In [1]:
import numpy as np

This notebook will create classes that defines a layer and the functions to compute the forward and backwards pass through the layer. These will be connected later to form the neural network.

This is shown in the following image:

![neural network](neural_network.png)

In [1]:
class Layer:
    def __init__(self):
        self.input = None
        self.output = None

    # computes output y of a layer for a given input x
    def forward_pass(self, input):
        raise NotImplementedError

    # computes dE/dX for a given dE/dY (and updates the parameters)
    def backward_pass(self, output_gradient, learning_rate):
        raise NotImplementedError


Within each layer, there is a dense layer and an acitvation layer. These will be created seperately for ease of understanding how a layer works. The activation layer step could be skipped by directly implementing the activation function inside the dense layer.

To create a dense layer, the forward and backwards propogation functions for each layer must be defined.

Forwards propogation will simply use y = w.x + b to calculate the Y value of that layer (often called the Z value).
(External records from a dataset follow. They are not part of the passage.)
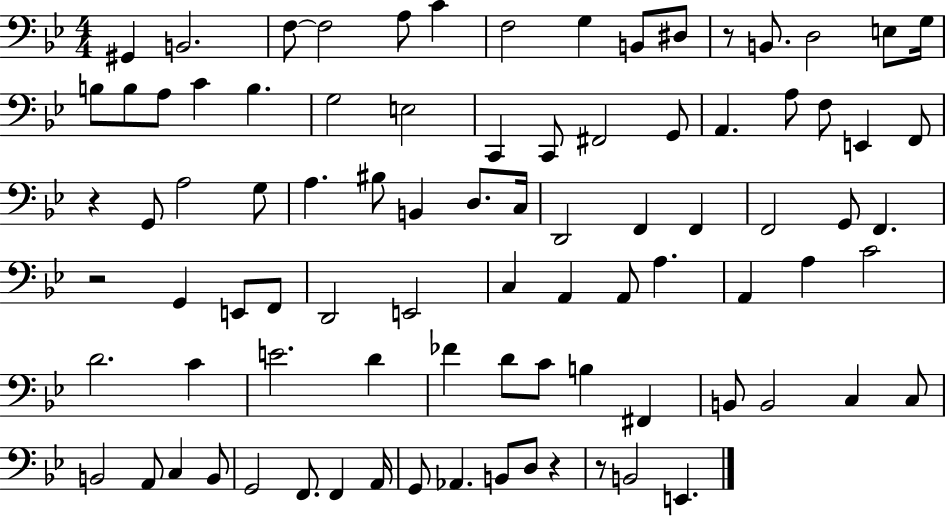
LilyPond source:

{
  \clef bass
  \numericTimeSignature
  \time 4/4
  \key bes \major
  gis,4 b,2. | f8~~ f2 a8 c'4 | f2 g4 b,8 dis8 | r8 b,8. d2 e8 g16 | \break b8 b8 a8 c'4 b4. | g2 e2 | c,4 c,8 fis,2 g,8 | a,4. a8 f8 e,4 f,8 | \break r4 g,8 a2 g8 | a4. bis8 b,4 d8. c16 | d,2 f,4 f,4 | f,2 g,8 f,4. | \break r2 g,4 e,8 f,8 | d,2 e,2 | c4 a,4 a,8 a4. | a,4 a4 c'2 | \break d'2. c'4 | e'2. d'4 | fes'4 d'8 c'8 b4 fis,4 | b,8 b,2 c4 c8 | \break b,2 a,8 c4 b,8 | g,2 f,8. f,4 a,16 | g,8 aes,4. b,8 d8 r4 | r8 b,2 e,4. | \break \bar "|."
}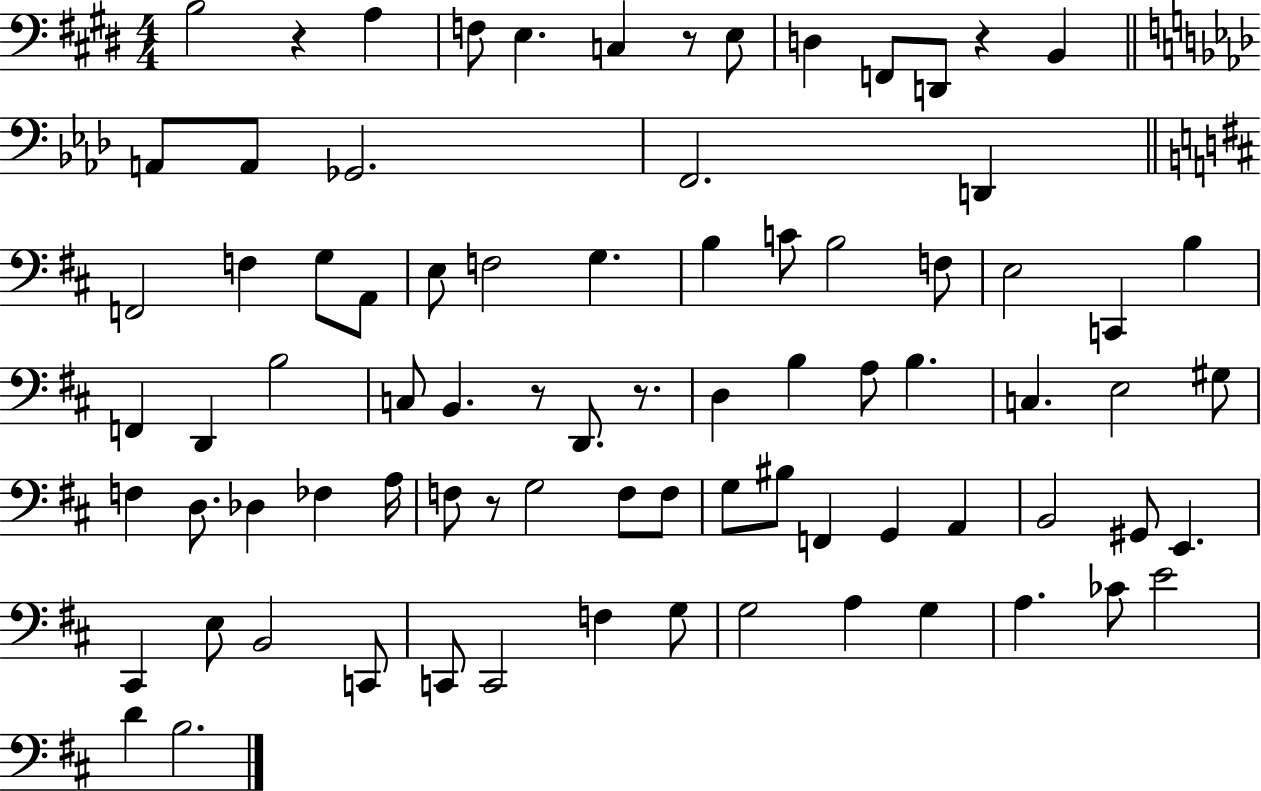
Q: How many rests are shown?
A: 6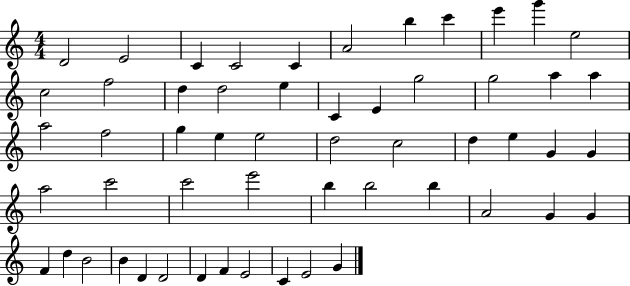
X:1
T:Untitled
M:4/4
L:1/4
K:C
D2 E2 C C2 C A2 b c' e' g' e2 c2 f2 d d2 e C E g2 g2 a a a2 f2 g e e2 d2 c2 d e G G a2 c'2 c'2 e'2 b b2 b A2 G G F d B2 B D D2 D F E2 C E2 G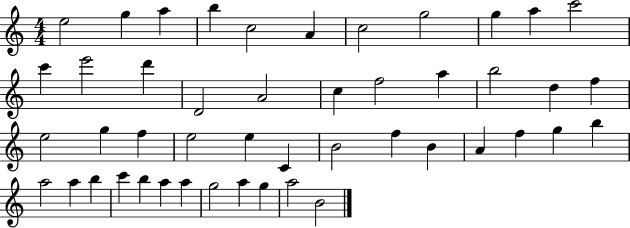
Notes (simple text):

E5/h G5/q A5/q B5/q C5/h A4/q C5/h G5/h G5/q A5/q C6/h C6/q E6/h D6/q D4/h A4/h C5/q F5/h A5/q B5/h D5/q F5/q E5/h G5/q F5/q E5/h E5/q C4/q B4/h F5/q B4/q A4/q F5/q G5/q B5/q A5/h A5/q B5/q C6/q B5/q A5/q A5/q G5/h A5/q G5/q A5/h B4/h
This value will later be used with an activation function to find the A value.

The following equations will be used to find the derivatives necesary to calculate backwards propogation:

![DERIV_EQ](deriv_eq.png)

where E is the error.

In [None]:
# create the dense layer where:
# input_size = number of input neurons
# output_size = number of output neurons
class Dense(Layer):
    def __init__(self, input_size, output_size):
        self.weights = np.random.randn(input_size, output_size)
        self.bias = np.random.randn(1, output_size)
    
    # returns the output for a given input
    def forward_pass(self, input):
        self.input = input
        return np.dot(self.input, self.weights) + self.bias
    
    # computes dE/dW, dE/dB for a given output_error (dE/dY)
    # returns input_error = dE/dX
    def backward_pass(self, output_gradient, learning_rate):
        # output_gradient is the derivative of the error with respect to the biases
        # calculating derivative of error with respect to weights
        input_error = np.dot(output_gradient, self.weights.T)
        weights_gradient = np.dot(self.input.T, output_gradient)
        # updating parameters
        self.weights -= np.multiply(weights_gradient, learning_rate)
        self.bias -= np.multiply(output_gradient, learning_rate)
        # return the dertivative of the error with respect to the input
        return input_error

Next, an activation layer must be created after the dense layer. Creating these seperately makes the model simpler to understand. In the activation layer, each input value goes to a different, single neuron in the acitvation layer (instead of each input value going to all the neurons in a dense layer). This is simply because each Y value in the dense layer has the same function performed on them. 

The forward_pass function will give the output of the whole layer- the activation value.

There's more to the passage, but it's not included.